A man is standing several feet away, looking out to sea. He is drinking from a can of orange Fanta. He turns toward us and I nod in greeting, then see that his eyes are brimming with tears. He comes over and sits down on the bench and asks us where we are from, and tells us that he is also a stranger here. He lives in another beach town a few hours away, and is here in Buscerias staying with his brother. One week ago today, he says, he found his wife in bed with his best friend. Now he has no idea where to go, or what to do. He takes a long drink from the can, shakes his head, and sighs. We sit in silence for awhile, the three of us. What can we say to this man with a freshly broken heart, crying into his soda? Which of us has not been betrayed by someone we love? I feel my heart expand with his sorrow, emptying into the endless sea.


From Buscerias we hop on an old second-class bus to Chacala, a small beach town about a half an hour up the coast and our final destination. I share a seat next to a beautiful young woman holding a sleeping baby wrapped in a fuzzy blue blanket. It takes a moment for me to realize that the child is deformed, a tiny face nested into an enormous head. The woman is glowing and begins chattering away about the boy, who she absolutely adores. She tells me that he was born in a coma with encephalitis and not expected to live more than a few hours. But now look at him, living proof of the existence of God and His miracles. For this reason she has named him Angel of Jesus. After a while the baby opens his eyes and they swim about like lost fish for a few seconds before they focus on his mother’s face and rest there, his little mouth forming into a tiny alien grin, revealing two miniature teeth. It is a smile as pure and full of love as I have ever seen.
We arrive in the town of Varas and I say goodbye to Angel of Jesus as we are directed towards a rusty blue van, a collectivo that will take us to Chacala. We squeeze our way into the crowded van as the driver pulls on a frayed string to close the sliding back door. He slips a CD into the player and away we go, bouncing to the scratchy wailing of ranchera music that skips and switches songs at each pothole and bump in the road in a maddening schizophrenic montage of sound. No one seems to notice but me.
My husband is seated up front next to the driver and I can see the back of his head, his hair sticking out in all directions and his shirt rumpled from the long sleepless night. I feel a pang of tenderness for him, and wonder if he is cursing me at this very moment for talking him into coming on this trip, pulling him out of his comfort zone and into this world of unpredictable ups and downs. As the music jerks this way and that, the old van rattling and squeaking, everyone is hanging on to their seats or to each other, I suddenly begin to laugh out loud. I can’t stop. I’m delirious with exhaustion and the wonder of being alive in this world where it is impossible to know what will happen next. Where life splays itself open and shares itself with me, in all of its pain and beauty. Tears are streaming down my face. I am a madwoman, laughing and crying at once. Fortunately no one can hear me among the myriad of noises that surround us.

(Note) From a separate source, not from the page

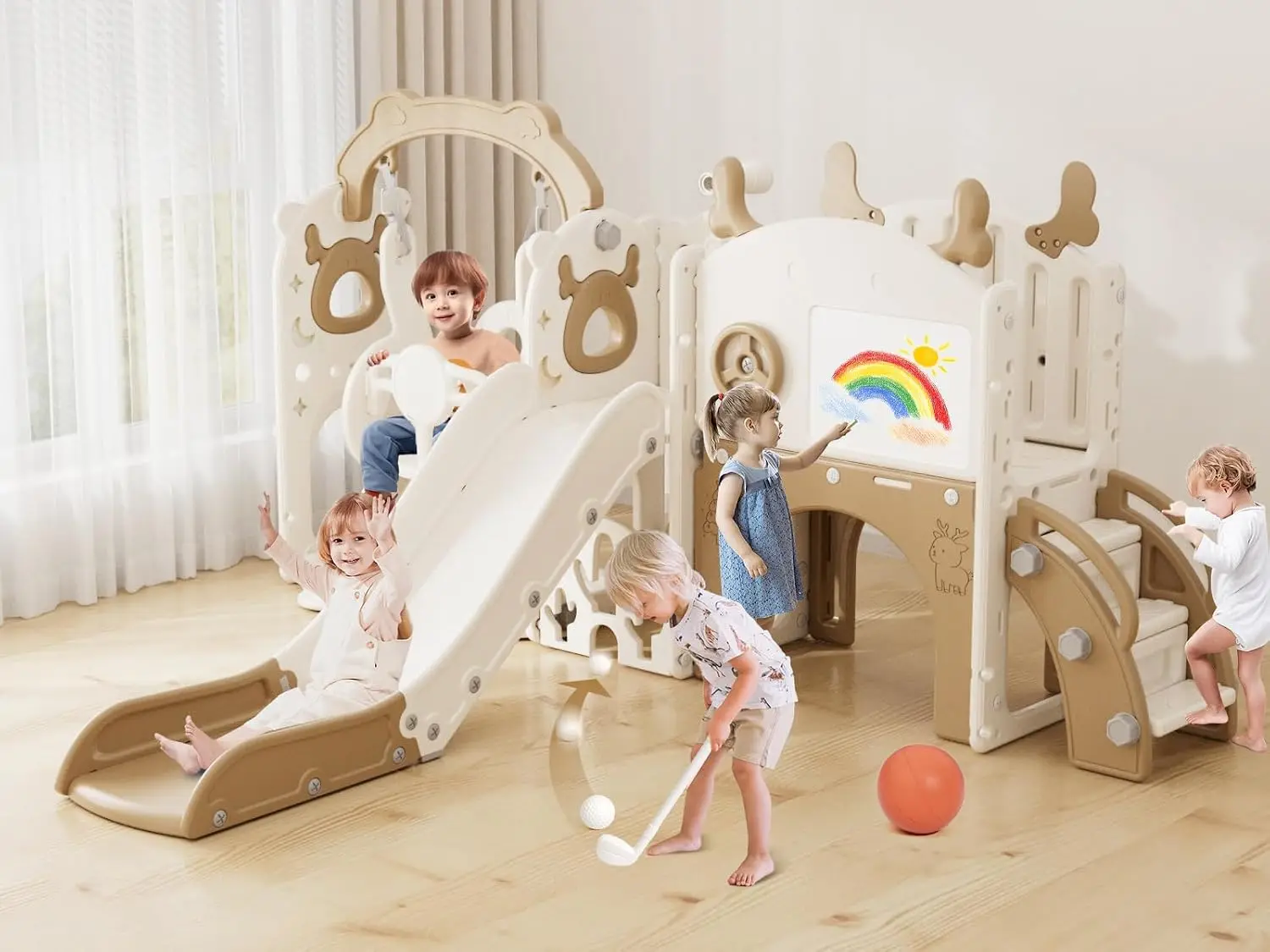 Kids Outdoor Swing And Slide - 13-in-1 Toddler Slide and Swing Set,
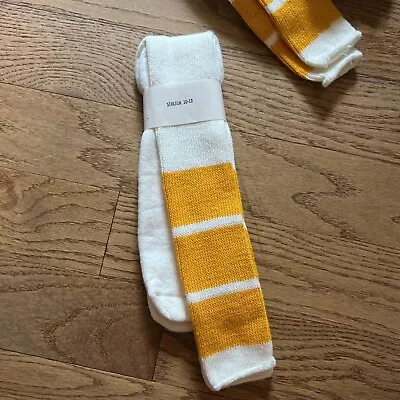 70s 80s Vintage Retro 3 Stripes Tube Socks Yellow NWT Stretch 10-13 DEADSTOCK • $12.75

Chacala is a lovely white crescent of beach lined with palm trees, a few RV’s, and several small seafood restaurants with palm leaf palapa roofs and little stands selling shell jewelry and plastic beach toys. Enormous iguanas sun themselves on nearby rocks and pelicans perch on the edges of fishing boats that are tied to a small dock at the far end of the bay. We collapse onto plastic chairs at a table right on the beach and order huevos rancheros and coffee, but there is only instant Nescafe, so we order coke and beer instead. We take off our shoes and dig our toes into the cool sand and feel the ocean breeze on our faces as we scoop up eggs and beans and salsa with thick home made tortillas and watch the vast sparkly ocean as it gently kisses the grateful shore.